Antes de entrar a la sala, el cartel de Un dios salvaje obliga a detenerse una vez más. El mismo muestra a sus protagonistas –nada más y nada menos que Jodie Foster, Kate Winslet, Christoph Waltz y John C. Reilly– ubicados en filas diferentes, cada uno con tres gestos o estados: sonriente el primero, luego serio y, por último, enojado. Seguidamente, al iniciar la película, los títulos asoman por entre medio de dos árboles situados en un parque. Aparecen y se agrandan, hasta esfumarse. Aunque no resulte llamativo, ninguno de estos fenómenos es casualidad: desde el comienzo hasta el final, el film de Polanski es pura expansión progresiva, una inflamación creciente que con el tiempo va ganando un espacio más amplio.
El living de los Longstreet es bastante pequeño. Incluso a pesar de su calidez y luminosidad, la estrechez de las medidas del escenario predominante en la película lo hace un lugar propicio para la tensión. Las palabras rebotan más rápidamente, las miradas se intensifican, los cuerpos reclaman con irritación la falta de confianza. El motivo por el que los personajes se someten a un encuentro de esas características es la necesidad de aclarar un problema entre dos niños. El hijo de la pareja anfitriona compuesta por Penelope (Foster) y Michael (Reilly) ha sido golpeado por Zachary, primogénito de Nancy (Winslet) y Alan (Waltz). El incidente, apenas disparador de los primeros conflictos, queda luego relegado ante una lucha descarnada por defender lo propio- ya sea posturas, valores o profesión- así como por descalificar lo ajeno. Casi en forma constante, esta medición de fuerzas los empuja a un estado de desesperación del que principalmente el humor extrae sus mejores recursos.
Tanto la caracterización de cada personalidad como los diálogos y el modo en que los actores se los adueñan es realmente excepcional. Pero, por momentos, y si bien cada uno de los intérpretes sobrevive al protagonismo de manera formidable, los apretones del guión y las reminiscencias del teatro irrumpen y plantan el desequilibrio. Ante la necesidad de un cambio rotundo de tema, por ejemplo, un personaje reflexiona en voz alta, haciendo las veces de una forzada introducción a un nuevo tópico que se corre del flujo de la conversación, tal como si se lo hiciera ante un público presente. Así, el curso al menos aparentemente arbitrario de los hechos se detiene, y la sobreactuación parece ser la consecuencia directa e inevitable que surge ante las exigencias no tanto de curva dramática como del vínculo con los orígenes teatrales de la historia. Es, quizás, uno de los pocos momentos en que Un dios salvaje se vuelve visiblemente artificiosa.

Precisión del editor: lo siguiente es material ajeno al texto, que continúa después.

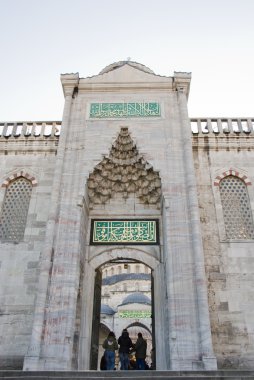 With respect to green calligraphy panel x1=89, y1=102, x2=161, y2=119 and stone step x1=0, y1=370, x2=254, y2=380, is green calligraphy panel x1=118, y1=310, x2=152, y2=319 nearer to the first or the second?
green calligraphy panel x1=89, y1=102, x2=161, y2=119

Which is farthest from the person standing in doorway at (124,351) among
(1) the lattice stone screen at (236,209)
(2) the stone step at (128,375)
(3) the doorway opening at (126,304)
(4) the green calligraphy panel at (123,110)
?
(4) the green calligraphy panel at (123,110)

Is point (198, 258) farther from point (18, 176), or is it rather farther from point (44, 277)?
point (18, 176)

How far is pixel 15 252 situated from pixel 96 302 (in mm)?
2292

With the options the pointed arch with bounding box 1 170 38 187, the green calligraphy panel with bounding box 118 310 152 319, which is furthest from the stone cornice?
the green calligraphy panel with bounding box 118 310 152 319

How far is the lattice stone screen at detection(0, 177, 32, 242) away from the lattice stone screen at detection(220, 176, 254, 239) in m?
5.12

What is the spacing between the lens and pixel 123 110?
9.40m

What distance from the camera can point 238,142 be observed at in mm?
9812

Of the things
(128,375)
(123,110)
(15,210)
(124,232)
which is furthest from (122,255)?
(123,110)

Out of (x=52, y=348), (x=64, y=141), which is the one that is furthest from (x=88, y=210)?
(x=52, y=348)

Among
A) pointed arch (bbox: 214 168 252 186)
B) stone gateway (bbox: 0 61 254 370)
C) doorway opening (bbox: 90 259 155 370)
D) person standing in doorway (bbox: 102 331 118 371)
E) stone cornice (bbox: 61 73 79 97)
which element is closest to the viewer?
stone gateway (bbox: 0 61 254 370)

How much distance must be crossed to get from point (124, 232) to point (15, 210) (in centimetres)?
294

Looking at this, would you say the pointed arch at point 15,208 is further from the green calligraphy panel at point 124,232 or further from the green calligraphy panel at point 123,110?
the green calligraphy panel at point 123,110

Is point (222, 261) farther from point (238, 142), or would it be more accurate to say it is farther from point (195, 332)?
point (238, 142)

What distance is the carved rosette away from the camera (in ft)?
28.4
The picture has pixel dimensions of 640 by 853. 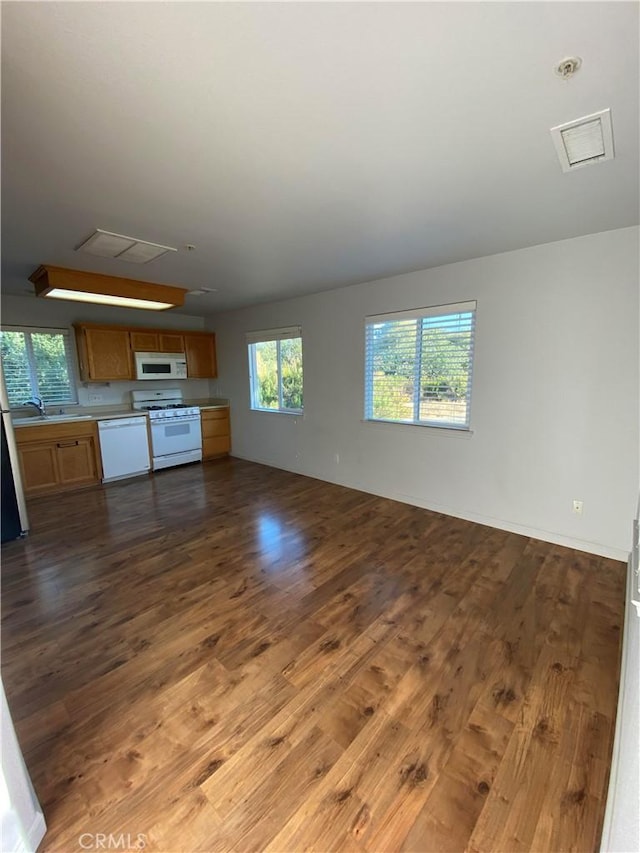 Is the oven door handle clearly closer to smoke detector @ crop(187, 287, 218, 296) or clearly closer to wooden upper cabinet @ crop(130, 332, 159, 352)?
wooden upper cabinet @ crop(130, 332, 159, 352)

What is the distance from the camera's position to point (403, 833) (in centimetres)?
116

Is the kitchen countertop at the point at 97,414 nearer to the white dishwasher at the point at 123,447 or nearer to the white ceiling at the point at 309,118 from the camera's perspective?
the white dishwasher at the point at 123,447

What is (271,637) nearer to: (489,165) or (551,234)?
(489,165)

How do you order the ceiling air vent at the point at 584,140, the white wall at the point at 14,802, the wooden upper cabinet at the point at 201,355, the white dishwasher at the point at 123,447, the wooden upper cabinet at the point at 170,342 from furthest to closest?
the wooden upper cabinet at the point at 201,355 → the wooden upper cabinet at the point at 170,342 → the white dishwasher at the point at 123,447 → the ceiling air vent at the point at 584,140 → the white wall at the point at 14,802

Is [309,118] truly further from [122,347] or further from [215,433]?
[215,433]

Casi llegando al final, la inflamación que anteriormente motorizaba la cólera se detiene. Ya pasaron los vómitos, insultos y los reproches conyugales. Pasó el genial desquite de Nancy tirando el celular de su marido al florero, y las maléficas risas de Penelope al ver a su esposo intentando recuperarlo con un secador. Con la ayuda del alcohol, los cuatro protagonistas se rinden ante el doloroso placer de sus mutuas compañías. El parque vuelve a tomar la pantalla y es casi un alivio. Un dios salvaje culmina sin problemas un relato extrañamente adrenalínico, por momentos al borde de perderse en su propia lógica, pero con la facilidad para hacer de todos sus personajes y atmósferas algo sumamente atrayente. Esa jaula donde las emociones desbordan es el tesoro del que pretende adueñarse una cámara ansiosa por desmantelar todo fingimiento, no con pleno éxito pero sí con una dosis de impiedad parecida a la que reina entre sus criaturas.